The problem here is that we sheep often prefer to go our own way. We think that we know better than God. We seek greener pastures elsewhere. And so we drift away from the path of righteousness. We fall back in the old ways. We get tangled up in the bushes of sin and unbelief. We get lost. We get hurt.
That’s when we forsake God’s Word; we don’t read the Bible everyday. We neglect worship and prayer. We forget about our baptism. We ignore the power of Holy Communion. We don’t live in the promises of the New Covenant.
We all, like sheep, have gone astray; each of us has turned to his own way. We have drifted off the path of righteousness and have fallen into the ditch. We have run off the road and are tangled up in the bushes. We are lost. We are in trouble. We need help.
But do you know what? Someone is searching for you! Someone is calling your name. Someone is seeking, searching, looking. The Good Shepherd comes after his sheep. The Lord has a way of stepping back into our life. He says, “There you are! I was thinking about you this whole time. I’m so glad I found you again; now, come on, let’s go home.”
Christ finds us. He steps back into our life and now we suddenly discover that if we have him, we truly have everything we need for this life. God’s Word comes true. “The Lord Jesus is my shepherd; I shall not want. He makes me lie down in green pastures; he leads me beside the still waters. He restores my soul; he leads me in the paths of righteousness for his name’s sake. Even though I walk through the valley of the shadow of death, I will fear no evil, for you are with me, your rod and staff they comfort me.”
Yes, even though I walk through the valley, if I have Christ, I have everything I need. Even in the darkest of valleys, if Christ is with me, I am safe. That’s important to remember when you go through those tough times. We all know that life is filled with the dark valleys, the low points, the difficult days. We all struggle with the pain, the hurt, the depression, the sadness and grief of life in this fallen world. Perhaps you are going through such a dark valley right now in your life.
But even though I walk through the valley of the shadow of death, I will fear no evil, for Christ is with me. His cross and resurrection they comfort me. In times of trouble, I turn to the cross and resurrection of my Savior.
There, at the cross, we see the love of God so clearly revealed. We see the mercy and compassion of the Father.

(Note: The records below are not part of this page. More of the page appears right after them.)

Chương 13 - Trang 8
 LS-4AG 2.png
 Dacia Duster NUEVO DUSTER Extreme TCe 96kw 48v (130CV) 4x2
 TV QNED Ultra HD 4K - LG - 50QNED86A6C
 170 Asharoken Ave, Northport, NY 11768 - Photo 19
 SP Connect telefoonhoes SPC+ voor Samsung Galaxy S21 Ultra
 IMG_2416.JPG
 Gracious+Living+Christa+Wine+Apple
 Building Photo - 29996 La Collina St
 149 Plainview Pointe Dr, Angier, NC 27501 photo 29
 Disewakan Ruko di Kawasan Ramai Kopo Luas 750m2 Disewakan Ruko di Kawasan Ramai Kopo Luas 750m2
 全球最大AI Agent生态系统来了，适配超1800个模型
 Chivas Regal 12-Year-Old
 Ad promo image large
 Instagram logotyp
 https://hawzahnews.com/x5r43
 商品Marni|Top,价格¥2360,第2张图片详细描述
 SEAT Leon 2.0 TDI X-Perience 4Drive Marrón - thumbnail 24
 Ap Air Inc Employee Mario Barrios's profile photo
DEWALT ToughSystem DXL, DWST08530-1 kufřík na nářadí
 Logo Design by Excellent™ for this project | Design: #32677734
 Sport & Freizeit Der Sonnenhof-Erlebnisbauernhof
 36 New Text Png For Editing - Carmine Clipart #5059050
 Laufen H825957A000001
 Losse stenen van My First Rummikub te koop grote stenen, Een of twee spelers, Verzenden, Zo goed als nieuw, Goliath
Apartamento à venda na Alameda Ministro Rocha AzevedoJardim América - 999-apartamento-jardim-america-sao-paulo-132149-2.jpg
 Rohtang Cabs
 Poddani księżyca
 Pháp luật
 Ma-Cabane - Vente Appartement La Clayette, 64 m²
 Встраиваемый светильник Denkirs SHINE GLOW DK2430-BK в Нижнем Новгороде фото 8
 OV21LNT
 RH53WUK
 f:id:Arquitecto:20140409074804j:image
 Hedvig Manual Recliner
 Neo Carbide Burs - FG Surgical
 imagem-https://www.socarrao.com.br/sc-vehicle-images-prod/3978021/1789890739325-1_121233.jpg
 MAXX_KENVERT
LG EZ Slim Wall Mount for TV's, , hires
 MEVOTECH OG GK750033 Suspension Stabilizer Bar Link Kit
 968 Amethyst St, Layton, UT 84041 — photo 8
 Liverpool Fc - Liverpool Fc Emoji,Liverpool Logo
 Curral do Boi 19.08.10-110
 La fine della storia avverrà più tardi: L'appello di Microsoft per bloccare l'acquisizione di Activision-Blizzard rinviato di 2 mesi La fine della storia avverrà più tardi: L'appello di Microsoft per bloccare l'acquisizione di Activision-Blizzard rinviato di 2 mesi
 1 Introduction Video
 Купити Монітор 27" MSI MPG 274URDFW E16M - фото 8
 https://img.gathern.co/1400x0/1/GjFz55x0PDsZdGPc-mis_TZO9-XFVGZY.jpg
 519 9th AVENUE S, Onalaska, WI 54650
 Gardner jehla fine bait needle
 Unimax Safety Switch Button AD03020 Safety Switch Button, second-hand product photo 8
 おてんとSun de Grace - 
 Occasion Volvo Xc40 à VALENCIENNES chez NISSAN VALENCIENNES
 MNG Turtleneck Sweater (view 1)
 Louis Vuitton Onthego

We see the sacrifice of the Son. We see how the Shepherd dies for sheep who love to wander. The Shepherd lays down his life for his sheep.
The Good Shepherd laid down his life for you; that’s how much he loved you; that’s how much he cares. Christ was thinking of you when he died on the cross. That’s why you belong to him. He died for you. Your life now belongs to Christ.
The Shepherd laid down his life, and then, he took it up again. Christ rose from the dead. And the Risen Christ now calls to you, “Come on, and follow me! I will walk with you though the valleys ahead. Together, we can make it. I will bless you with my presence; I will feed you with my Word and Sacraments; I will strengthen your faith.”
That is the promise that the Lord Jesus makes to all of us. He gives to us his Word. He prepares the table of his Supper for us. He anoints our head with the oil of baptismal grace. Our cup of blessing just overflows when we worship the Son of God.
We now have the certainty of knowing that we belong to our Shepherd. We know that goodness and mercy shall follow us all the days of life. Our shepherd leads us through this journey of life and he leads us all the way home, where we shall dwell in the house of the Lord forever. In Christ, a better life awaits us in heaven. The best is yet to come! Amen!